*Your goal*: Quote the records that follow in full and exactly; leave out the pictures.
# # #
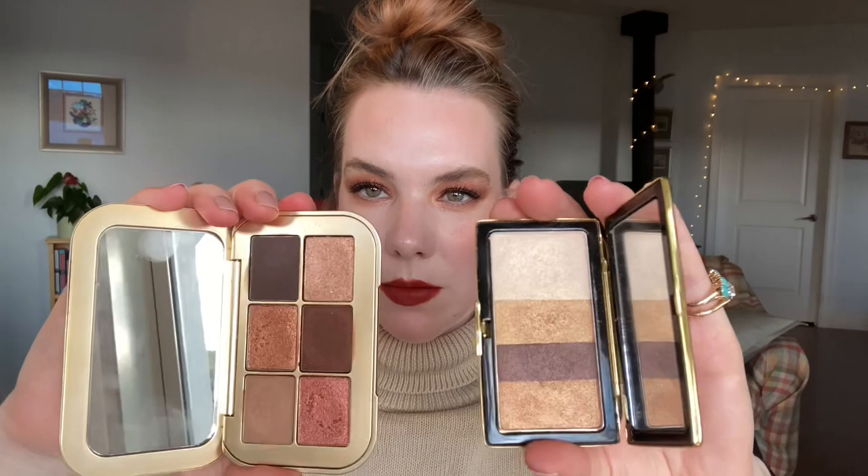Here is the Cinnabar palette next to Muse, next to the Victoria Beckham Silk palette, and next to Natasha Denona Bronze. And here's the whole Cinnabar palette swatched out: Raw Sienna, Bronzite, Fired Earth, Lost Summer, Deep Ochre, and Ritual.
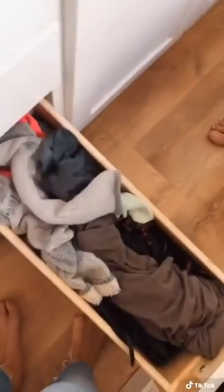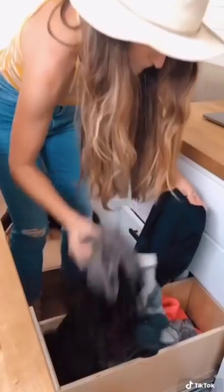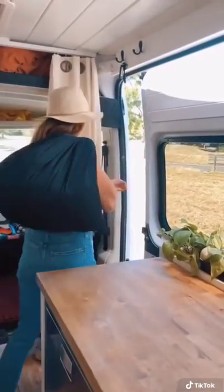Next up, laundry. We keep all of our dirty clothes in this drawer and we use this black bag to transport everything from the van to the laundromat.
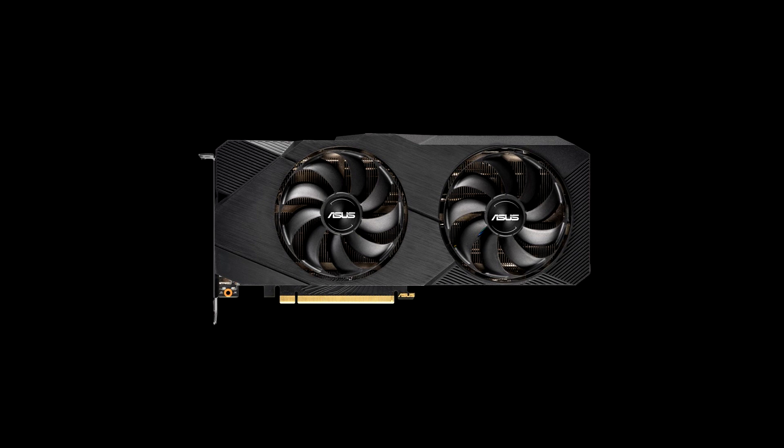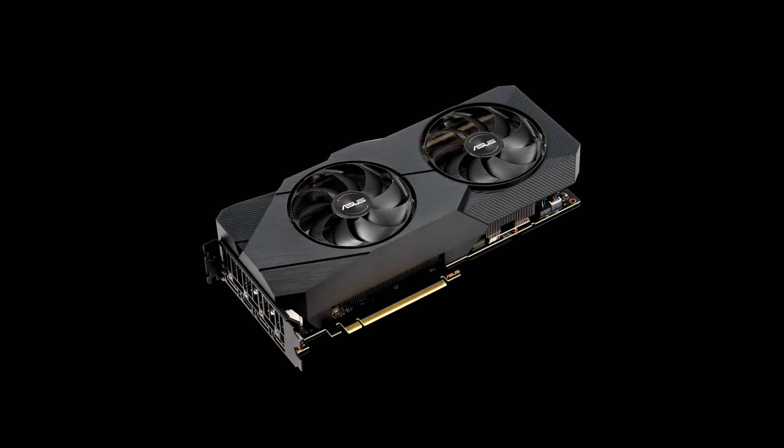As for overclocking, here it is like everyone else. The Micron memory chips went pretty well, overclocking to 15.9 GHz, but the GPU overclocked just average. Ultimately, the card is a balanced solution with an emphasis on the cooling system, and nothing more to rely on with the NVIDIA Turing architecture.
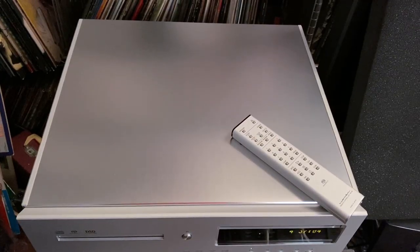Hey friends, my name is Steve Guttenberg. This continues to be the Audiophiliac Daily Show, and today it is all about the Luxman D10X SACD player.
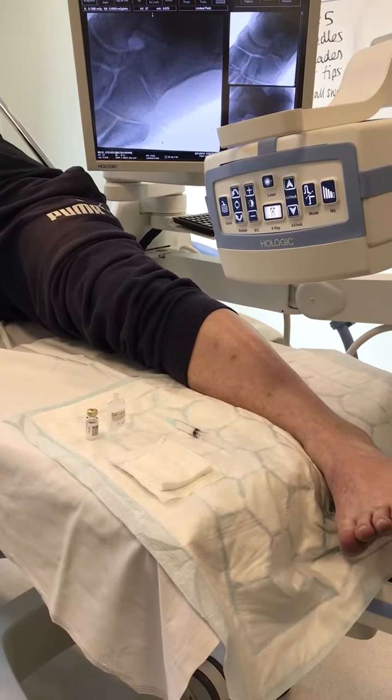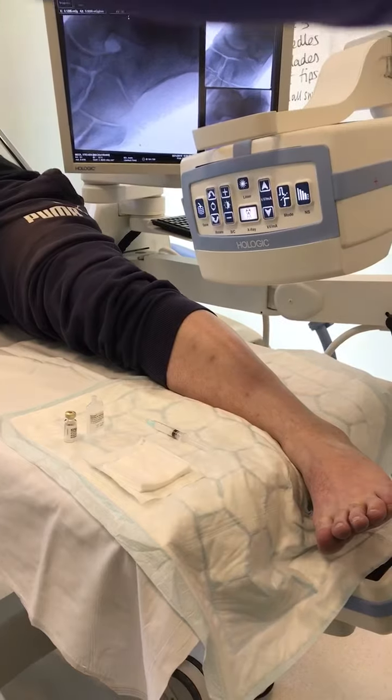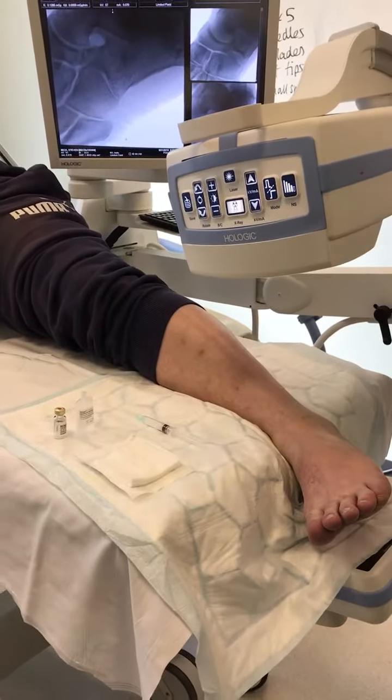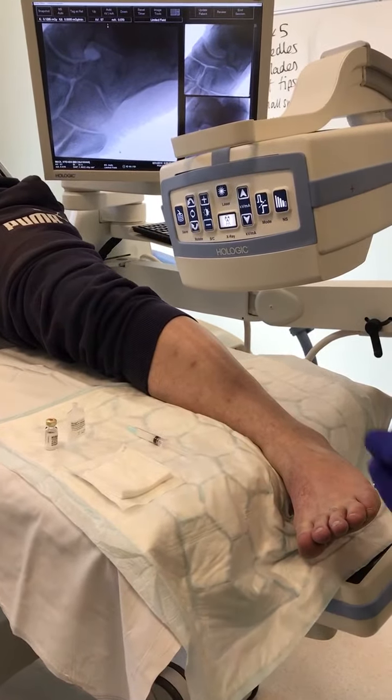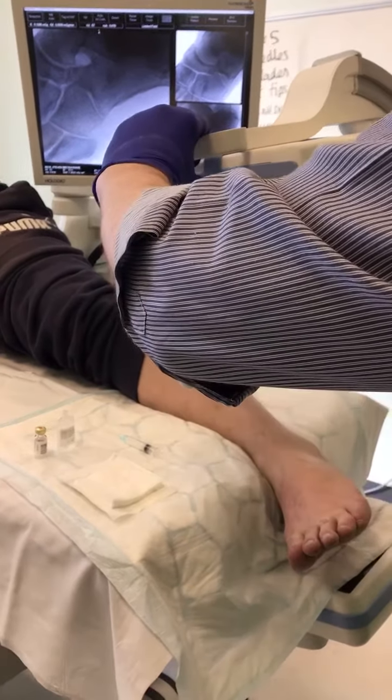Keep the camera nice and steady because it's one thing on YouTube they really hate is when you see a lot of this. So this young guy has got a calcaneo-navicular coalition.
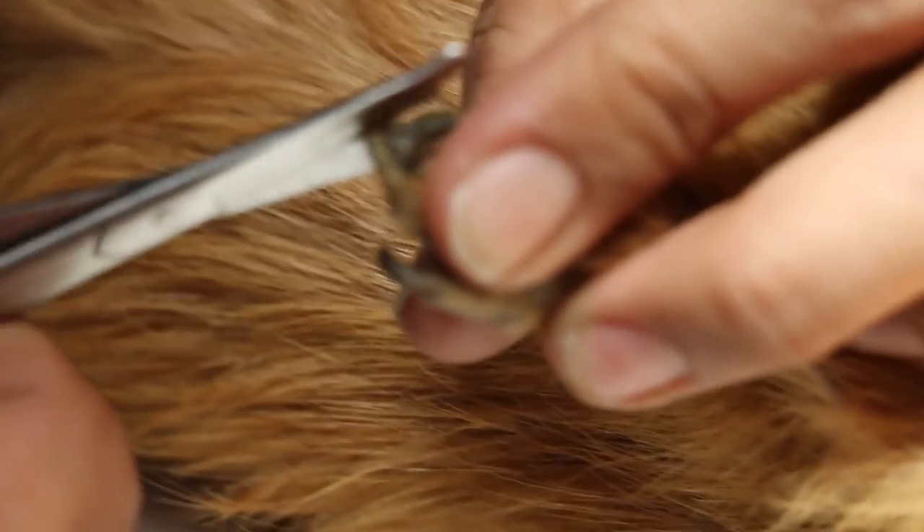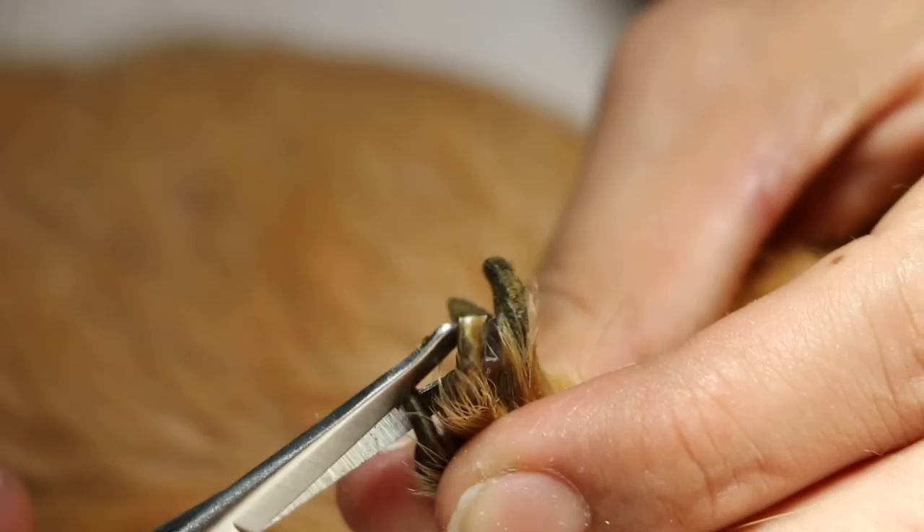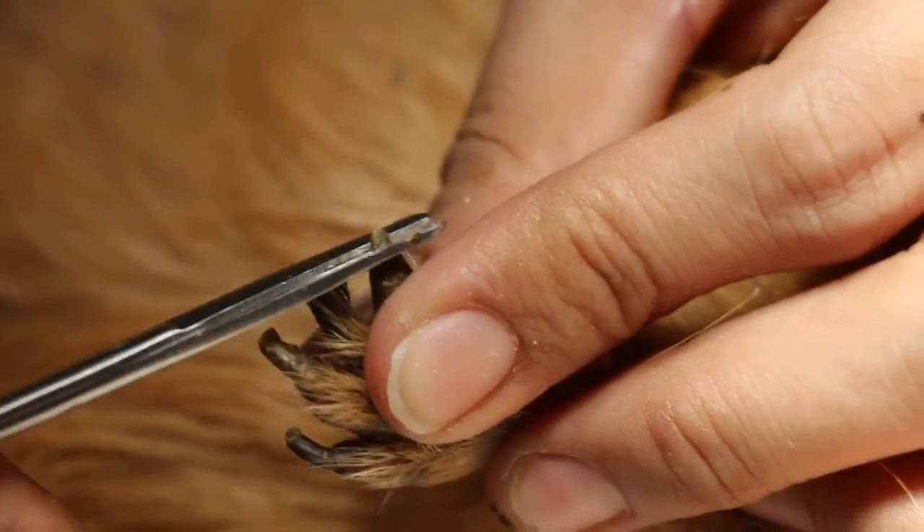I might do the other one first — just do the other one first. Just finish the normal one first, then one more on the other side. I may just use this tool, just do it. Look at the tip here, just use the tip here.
# # #
*Answer to this exercise*:
Here is the Cinnabar palette next to Muse, next to the Victoria Beckham Silk palette, and next to Natasha Denona Bronze. And here's the whole Cinnabar palette swatched out: Raw Sienna, Bronzite, Fired Earth, Lost Summer, Deep Ochre, and Ritual.
Next up, laundry. We keep all of our dirty clothes in this drawer and we use this black bag to transport everything from the van to the laundromat.
As for overclocking, here it is like everyone else. The Micron memory chips went pretty well, overclocking to 15.9 GHz, but the GPU overclocked just average. Ultimately, the card is a balanced solution with an emphasis on the cooling system, and nothing more to rely on with the NVIDIA Turing architecture.
Hey friends, my name is Steve Guttenberg. This continues to be the Audiophiliac Daily Show, and today it is all about the Luxman D10X SACD player.
Keep the camera nice and steady because it's one thing on YouTube they really hate is when you see a lot of this. So this young guy has got a calcaneo-navicular coalition.
I might do the other one first — just do the other one first. Just finish the normal one first, then one more on the other side. I may just use this tool, just do it. Look at the tip here, just use the tip here.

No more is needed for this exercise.